Y el cuarto, el que más preocupa a quien vive solo o tiene la casa vacía durante el día en zonas como El Poblado o Laureles, es la seguridad física: dejar entrar a alguien sin ninguna verificación de identidad a un apartamento significa que, en el peor escenario, esa persona conoce la distribución de la casa, los horarios en que queda sola, y no hay ningún registro real de quién era.
Qué significa realmente el sello "verificado"
En ConectaExperto, antes de que un profesional pueda aparecer disponible en la plataforma, pasa por una revisión manual que incluye la validación de su documento de identidad junto con una selfie que confirma que la persona detrás del perfil es quien dice ser. No es un casillero que se marca automáticamente ni un formulario que se llena sin revisión: alguien revisa esa información antes de habilitar el perfil.
Esto no elimina por completo la necesidad de tener sentido común al contratar a alguien —eso nunca desaparece del todo— pero sí resuelve la parte más básica y más riesgosa: saber con certeza que la persona que va a llegar a la puerta es quien dijo que era, con un documento real detrás de ese nombre. Si después de un trabajo hay algún problema, existe un perfil identificable al cual volver, algo que no existe cuando se contrata a alguien completamente anónimo.
Consejos de seguridad que siguen aplicando, incluso con un profesional verificado
La verificación de identidad reduce el riesgo de forma importante, pero no reemplaza algunas prácticas básicas de seguridad que vale la pena mantener siempre que alguien nuevo va a entrar a la casa, verificado o no:
- Avisar a alguien de confianza la fecha, hora y nombre del profesional que va a llegar, especialmente si se va a estar solo en casa durante la visita.

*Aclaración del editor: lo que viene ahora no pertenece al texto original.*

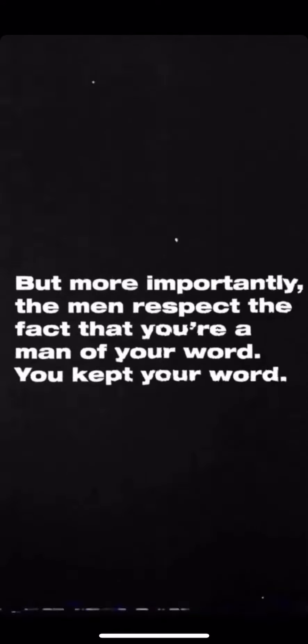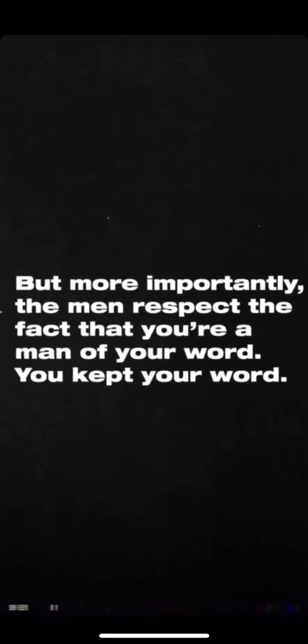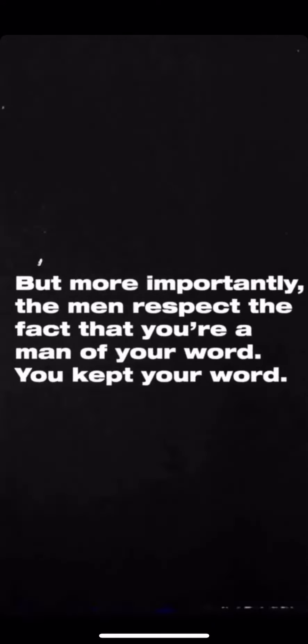But more importantly, the men respect the fact that you're a man of your word. You kept your word.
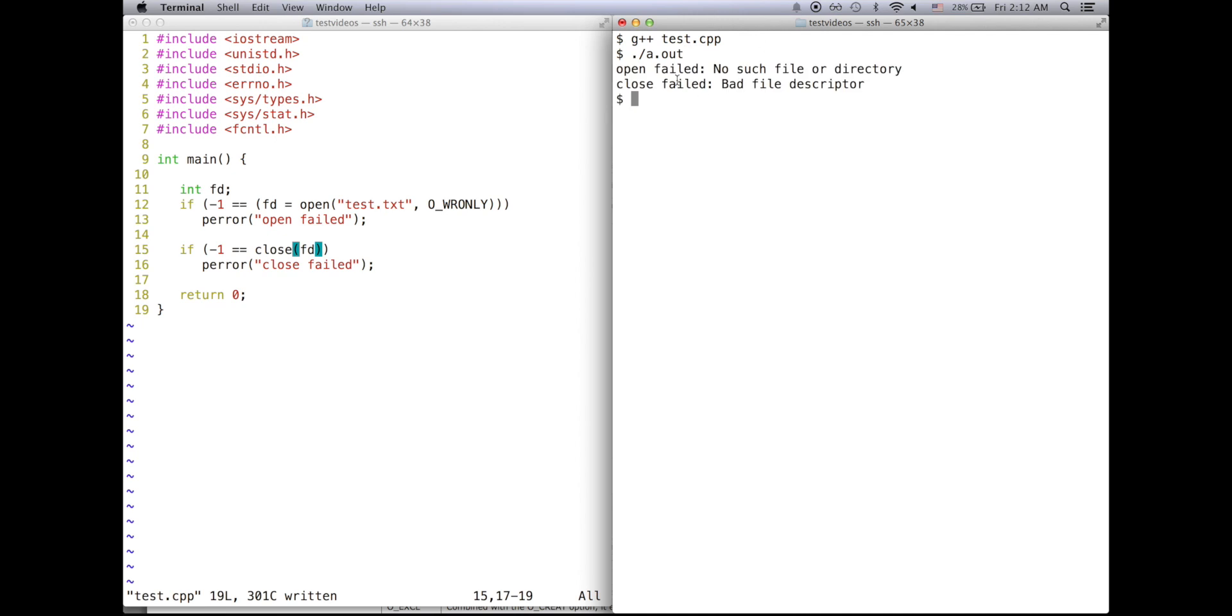Open and close both failed because text.txt does not exist and we did not pass in the O_CREATE flag to open, so it did not create the file. Therefore it could not open the file, and because it could not open the file, close did not work because it could not close an unopened file.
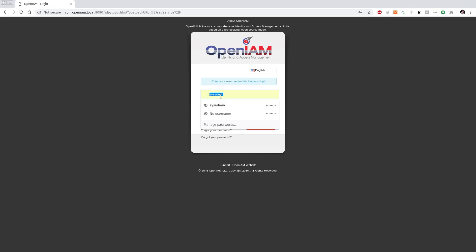Hello. This video will show how to update OpenAM instance from version 3 to version 4.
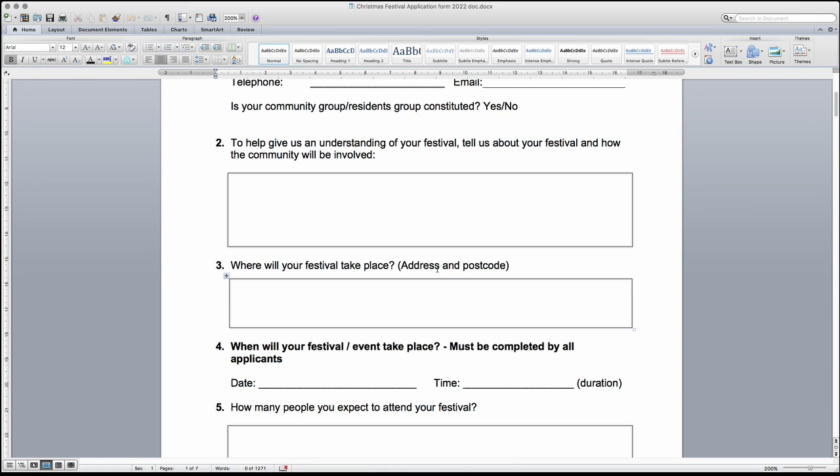In question 2, please provide general information about the festival. For example, are there any activities on during the festival and how the community will be involved.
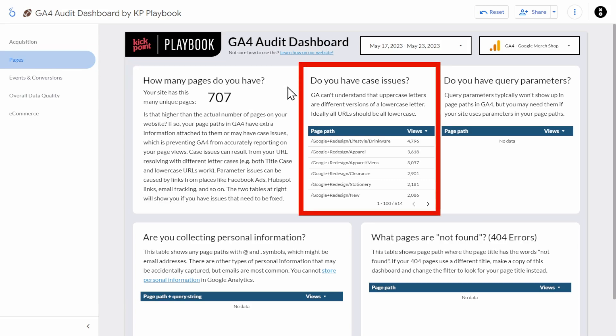Let's look at whether or not you have case issues. You can run into the same case sensitivity problems with your pages if your website's CMS doesn't force all your URLs to be lowercase. You can see here there's a whole bunch of title case URLs. You don't have to use lowercase, but you do want to make sure it's consistent. We have some clients where their CMS forces them to use title case — it's unusual, but it's consistent, and that's what matters. If needed, you'll want to fix this in your CMS or force your data to lowercase before sending it to GA4.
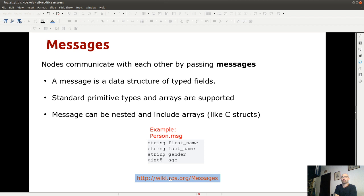Potete definire i vostri messaggi come volete, mettendo tipo e valore per ogni campo. La regola generale è: prima di disegnare una struttura dati nuova, verificate se ne esiste già una nelle librerie ROS esistenti che fa al caso vostro. Se lo rifate voi non lo farete mai uguale all'originale e si perde compatibilità tra moduli.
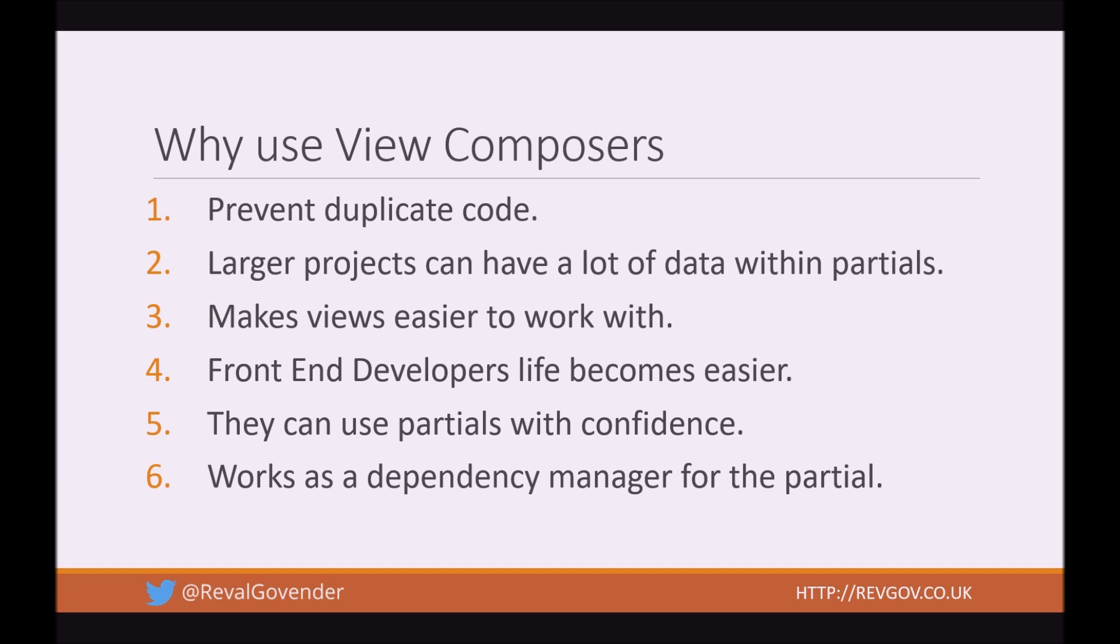So then if we can extract that code and put it in its own class, then we are preventing duplicate code. This also makes the Views easier to work with and makes front end developers life a lot easier. That's because they can then use any partial they want with confidence, knowing that if this partial has a View Composer, they are not going to be worried about if I take this View and use it, do I actually have all the data that this View needs? Will I get a scary Laravel error? Because front end devs are probably not going to know how to resolve that error.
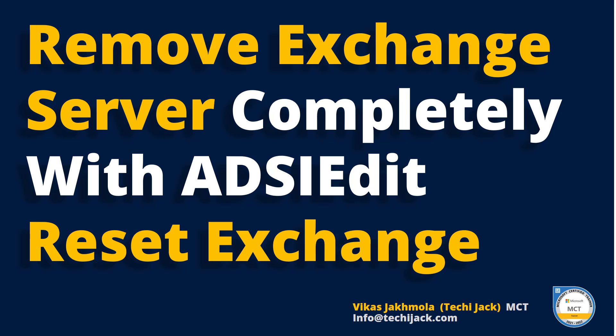Welcome to Techie Jack. In this video, we will see how to manually remove all Exchange servers from Active Directory with the help of ADSI Edit.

- Confirmar la identidad antes de abrir la puerta, pidiendo que muestre alguna identificación si es la primera vez que llega ese profesional, sin que esto se sienta como una falta de confianza sino como un paso normal.
- Guardar objetos de valor visibles —no porque se sospeche de nadie en particular, sino porque es una práctica razonable frente a cualquier visita de alguien que no se conoce previamente, sea cual sea el motivo de la visita.

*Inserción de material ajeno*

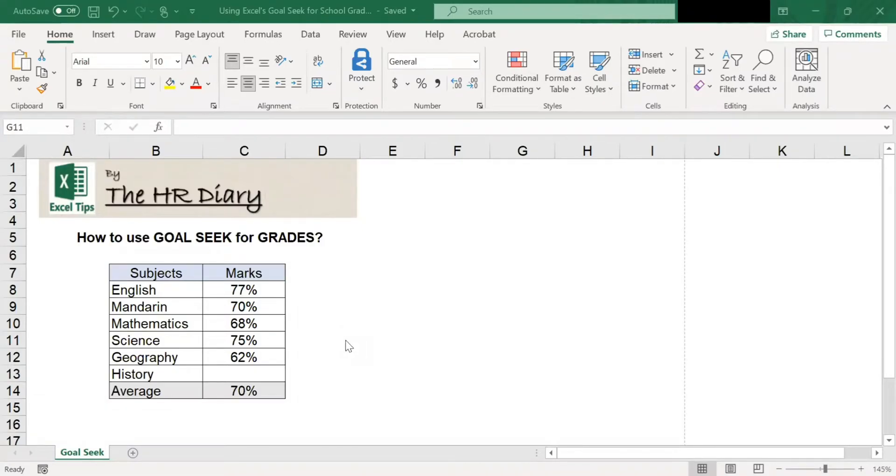Hello, welcome to Excel Tips by the HR Diary. Today, I'm going to show you how to use the Goal Seek function.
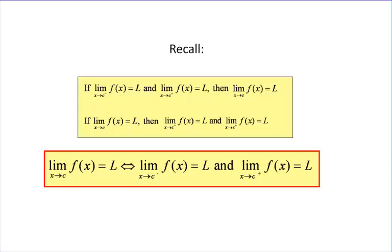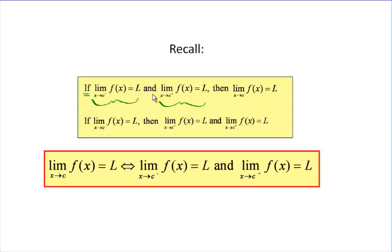We saw the idea of the limit in the last video. As a reminder, we had the left-handed limit — the limit as x approaches c from the left of f(x) equals L — and the right-handed limit, the limit as x approaches c from the right of f(x), also equals L. If both one-sided limits equal the same value, then the overall limit as x approaches c from both sides must also equal L.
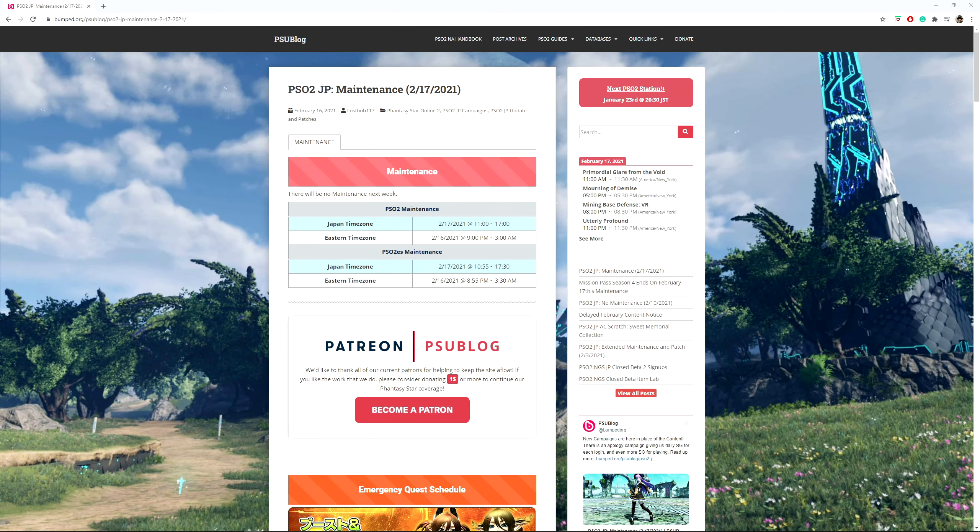So there's a giant campaign, or at least a couple campaigns going on on the Japanese PSO2. Obviously some of the big ones are going to kick in in March, like the graphical update and several other things.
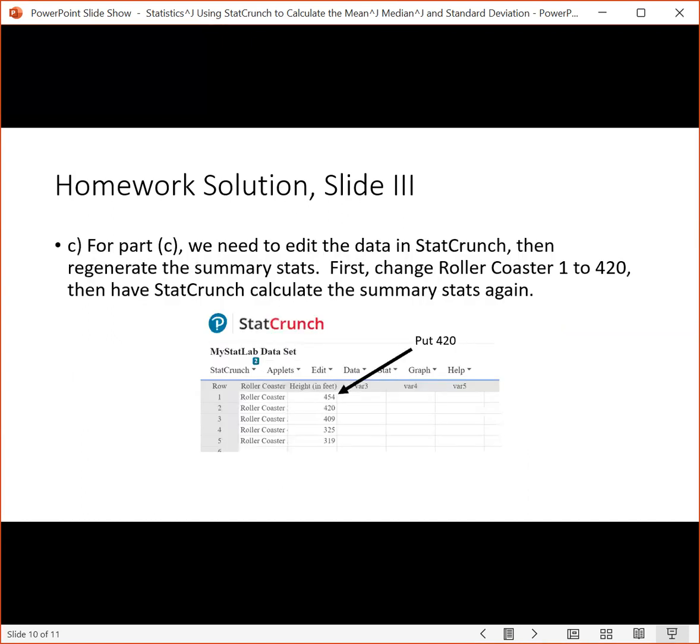For part C, we need to go back to the StatCrunch data table and edit it. It asks us to change roller coaster one to be 420 feet. So right here, we have roller coaster one. You want to change this 454 to be 420.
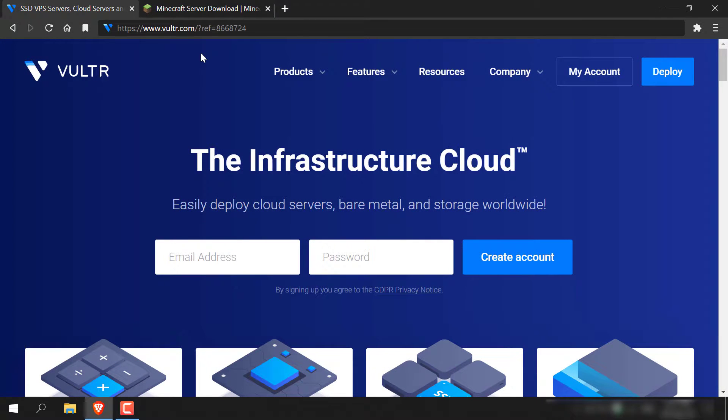How to host a vanilla Minecraft Bedrock Edition server on an Ubuntu server.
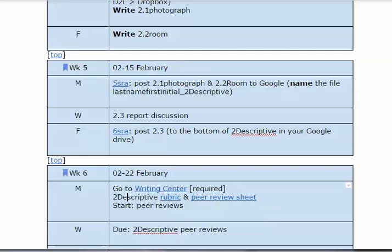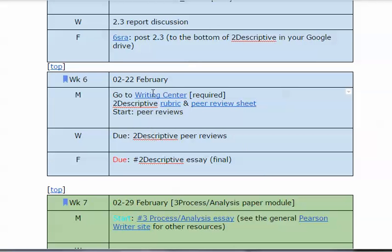Let's look at the schedule. It's the sixth week — this is the last week for the descriptive paper. I've got the rubric here and the peer review sheet. The completed paper — 2.1, 2.2, and 2.3 — the report was due this morning by 6 a.m. This is the sixth SRA.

- Evitar dar información adicional innecesaria, como horarios en que la casa suele quedar sola o detalles sobre otros bienes de valor, más allá de lo que el trabajo requiere.
- Mantener el celular a la mano durante toda la visita, sobre todo si se trata de un trabajo largo como una remodelación o instalación que toma varias horas.
- Revisar el trabajo terminado antes de que la persona se vaya, para confirmar que todo quedó como se acordó y resolver cualquier duda en el momento, en vez de descubrir un problema días después cuando ya es más difícil contactar de nuevo al profesional.
Ninguna de estas prácticas es exclusiva de plataformas verificadas: aplican siempre, sin importar de dónde venga el contacto. Pero combinadas con un profesional cuya identidad ya fue confirmada de antemano, el nivel de tranquilidad al abrir la puerta de la casa cambia por completo. La diferencia entre confiar a ciegas y confiar con algún respaldo real es, al final, la diferencia entre esperar que todo salga bien y tener al menos una base concreta para que así sea.